-- Provided records follows --
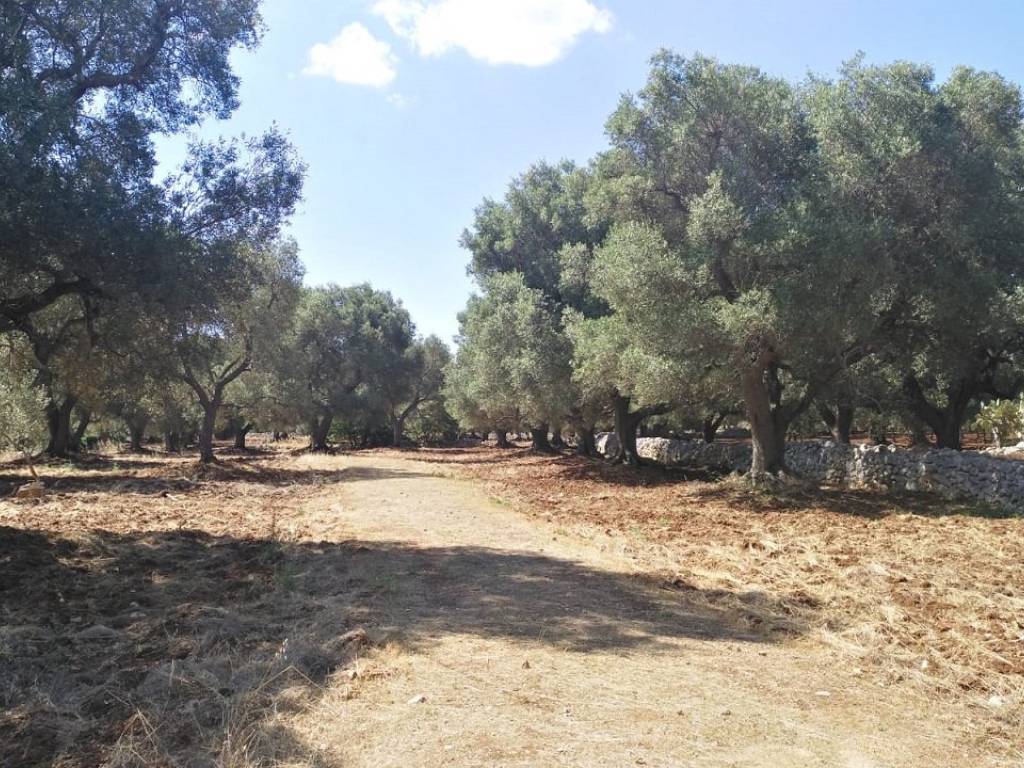 Terreno a Carovigno - Foto 2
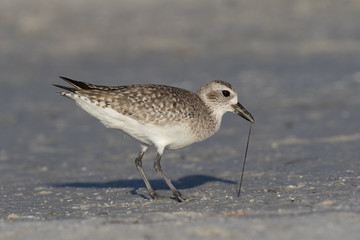 Grey plover finding a meal along the lagoon shore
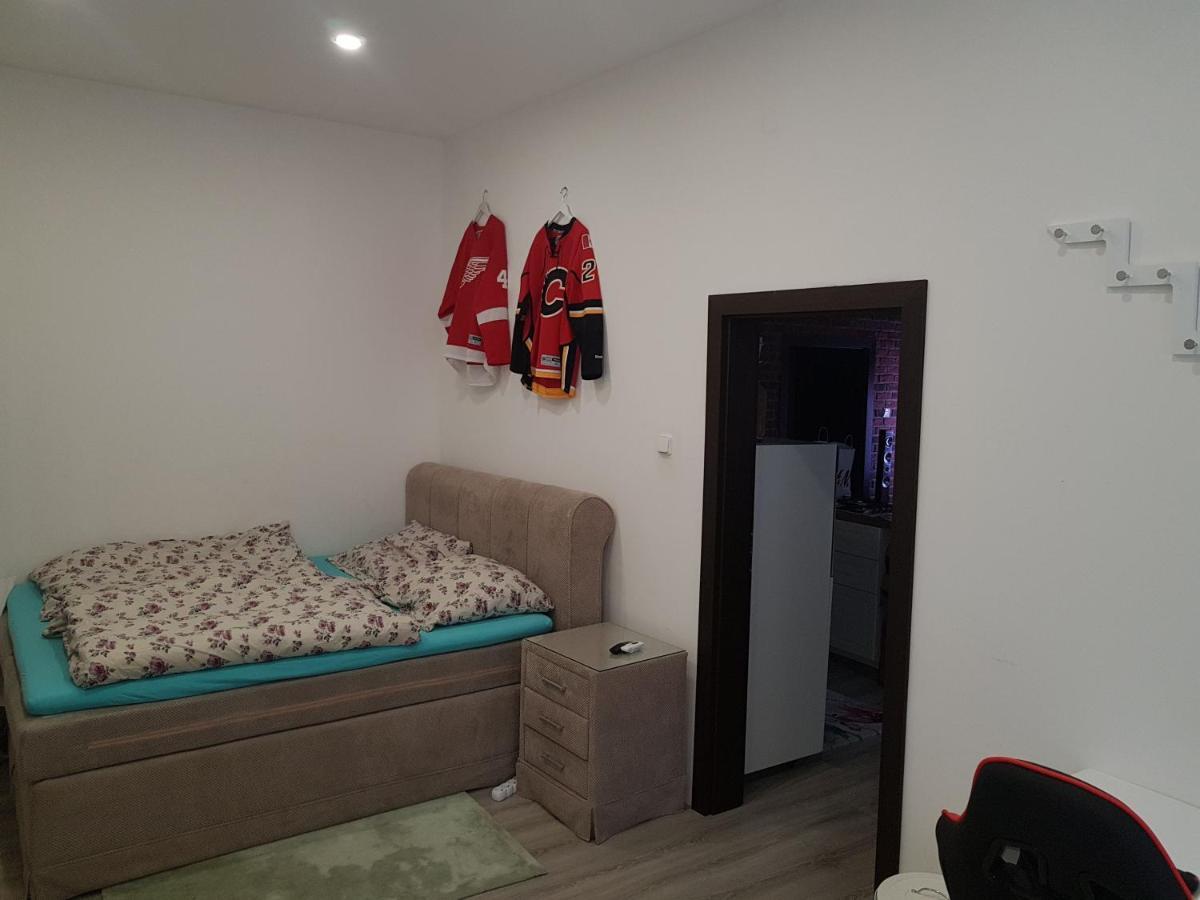Apartman Karlovy Vary 아파트 외부 사진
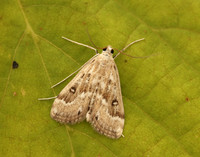 63.117 BF1348 Ringed China-mark Parapoynx stratiotata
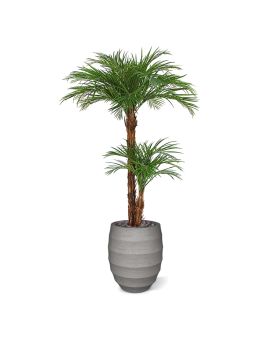 Palma artificial areca deluxe 225cm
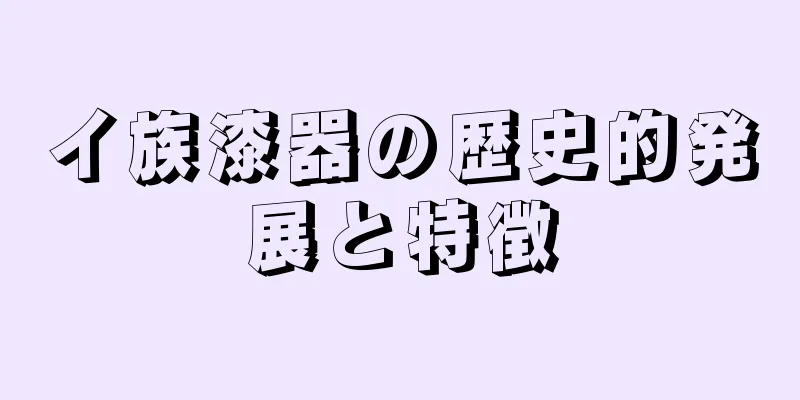 イ族漆器の歴史的発展と特徴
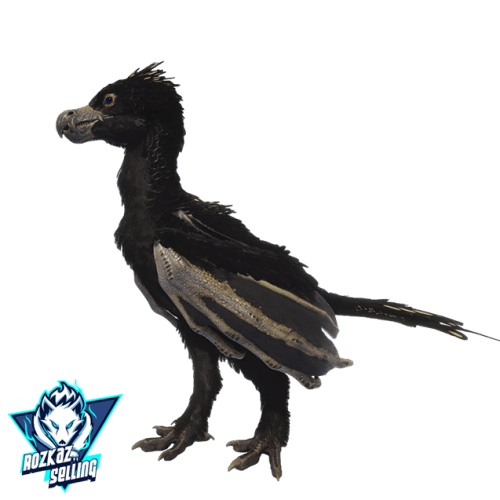 Female FINAL Yi LIng ADULT 1913 Melee Actual Black Top Stats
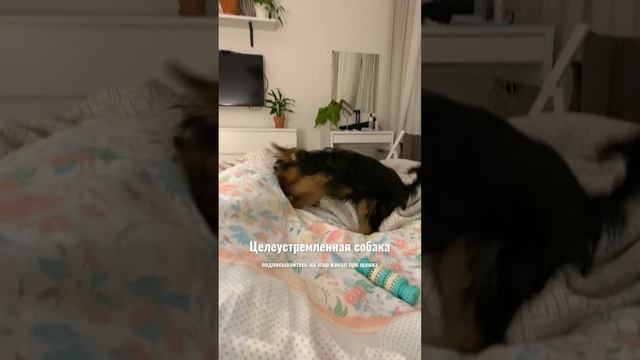 #щенокйорка #йорк #йоркширскийтерьер #йоркшир #щенок #йоркшерскийтерьер й смотреть онлайн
-- Provided records concluded --
What this task involves: Print the listing exactly, minus any pictures.

Answer space:
 Terreno a Carovigno - Foto 2
 Grey plover finding a meal along the lagoon shore
Apartman Karlovy Vary 아파트 외부 사진
 63.117 BF1348 Ringed China-mark Parapoynx stratiotata
 Palma artificial areca deluxe 225cm
 イ族漆器の歴史的発展と特徴
 Female FINAL Yi LIng ADULT 1913 Melee Actual Black Top Stats
 #щенокйорка #йорк #йоркширскийтерьер #йоркшир #щенок #йоркшерскийтерьер й смотреть онлайн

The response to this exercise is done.